Ах, этот хор человеческих голосов! Что может быть сладостней для уха преданного пса? Что может быть приятней этих звуков, даже если члены его стаи попросту перелаиваются друг с другом? Вот оно ощущение единения и целостности большой и дружной семьи. Люльку захотелось внести свою лепту в общее благоденствие. Усевшись на верхней ступеньке лестницы, он вытянул шею и, подняв морду к потолку, завыл. Звук, издаваемый его глоткой, получился отменно протяжным и звонким. Теперь Люлёк слышал только себя. Ни с чем не сравнимое ощущение собственной значимости и важности для стаи переполняло его грудь, придавая голосу особое, торжественное звучание. Но, к сожалению, возможности собачьих легких не безграничны. Люльку пришлось умолкнуть, чтобы набрать воздуха для следующей, ещё более звучной и торжественной, рулады. Умолкнув, он услышал полную, ничем не нарушаемую домашнюю тишину. Вот оно, блаженство! Вся семья теперь слушает только его так внимательно, словно он не пёс смешанных кровей, а прославленный тенор. Люлёк снова поднял морду к потолку, когда дверь, ведущая в спальню супругов Андрюшиных, приоткрылась. В образовавшейся щели появилось порозовевшее от гнева лицо мадам Душаны.
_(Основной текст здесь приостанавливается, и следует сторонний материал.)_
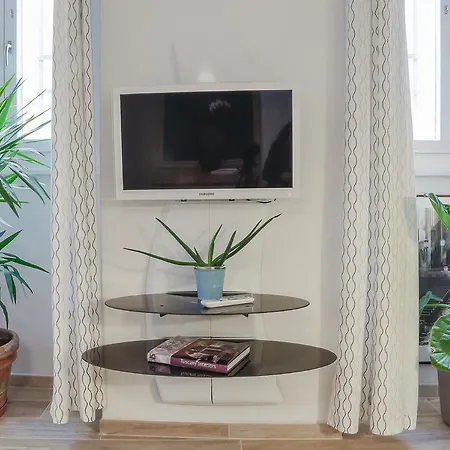 Apartment - Rosa Piccolo *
— Если ты намерен продолжать выть, — проговорила артистка. — То я спущу тебя с этой лестницы, пакостливый пёс! Отведаешь же ты моего тапка!
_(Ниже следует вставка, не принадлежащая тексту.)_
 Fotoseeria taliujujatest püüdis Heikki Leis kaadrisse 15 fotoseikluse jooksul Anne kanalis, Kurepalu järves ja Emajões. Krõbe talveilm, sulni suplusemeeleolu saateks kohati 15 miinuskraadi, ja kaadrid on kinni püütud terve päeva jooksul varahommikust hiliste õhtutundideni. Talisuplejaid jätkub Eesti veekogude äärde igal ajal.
— Эй, послушайте! Эээ… Спас! — Наташа старалась не кричать. Как-то неловко ей сделалось. Вдруг Блага услышит, явится, начнёт приставать. Так хотелось сейчас обойтись без неё! — Да, Спас — это я, — отозвался он.
Наташа встала на нижнюю перекладину калитки, пытаясь хоть как-то рассмотреть его. Но двор соседа накрывала густая тень. Ярко освещенное французское окно кухни и алый огонёк его сигареты — вот всё, что она могла разглядеть сейчас.
— Я не могу дозвониться до Нади, — проговорила Наташа. — Надя — моя дочь, вы ведь понимаете, да? Так вот, мне всё время отвечают, что абонент недоступен. А они уехали ещё утром. Я волнуюсь.
— Вблизи Средеца плохо ловит сеть, — отозвались из темноты. — Обычное дело для тех мест. Но если что-то случится, мы быстро узнаем.